Bloomberg Línea — O Grupo Mover, nome atual da antiga Camargo Corrêa, apresentou um novo plano de recuperação judicial (RJ) com opções de pagamento que podem se estender por até 40 anos, o que se configura como um dos prazos mais longos do mercado brasileiro.
As informações constam em documentos protocolados na 1ª Vara de Falências de São Paulo e divulgadas neste domingo (5) em fato relevante enviado pela controlada InterCement à CVM (Comissão de Valores Mobiliários).
O grupo entrou com pedido de recuperação judicial no fim do ano passado, com dividas então declaradas de R$ 14,3 bilhões. Laudo posterior de fevereiro deste ano, com data retroativa a setembro de 2024, apontou que o passivo era de R$ 21,1 bilhões.

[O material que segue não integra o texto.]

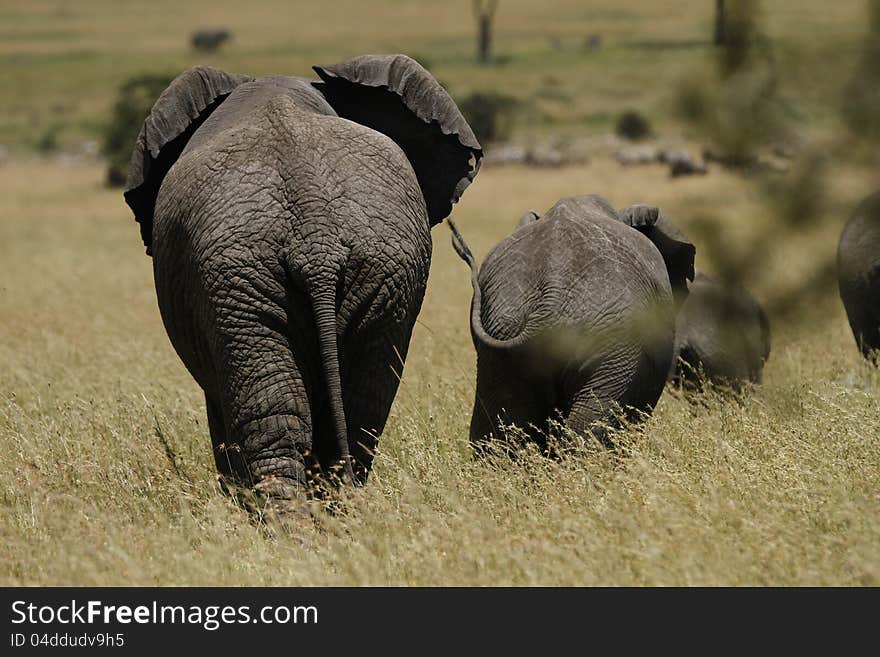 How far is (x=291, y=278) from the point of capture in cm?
523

O plano apresentado neste domingo envolve três holdings (Mover Participações, Sucea Participações e Sincro Participações).
Os ativos totalizam R$ 20,3 bilhões em cenário de liquidação forçada, mas o valor líquido disponível para credores é de R$ 3,59 bilhões.
Essa diferença decorre do passivo de R$ 21,1 bilhões da InterCement, controlada em recuperação judicial apartada, que consome R$ 16,7 bilhões dos ativos avaliados.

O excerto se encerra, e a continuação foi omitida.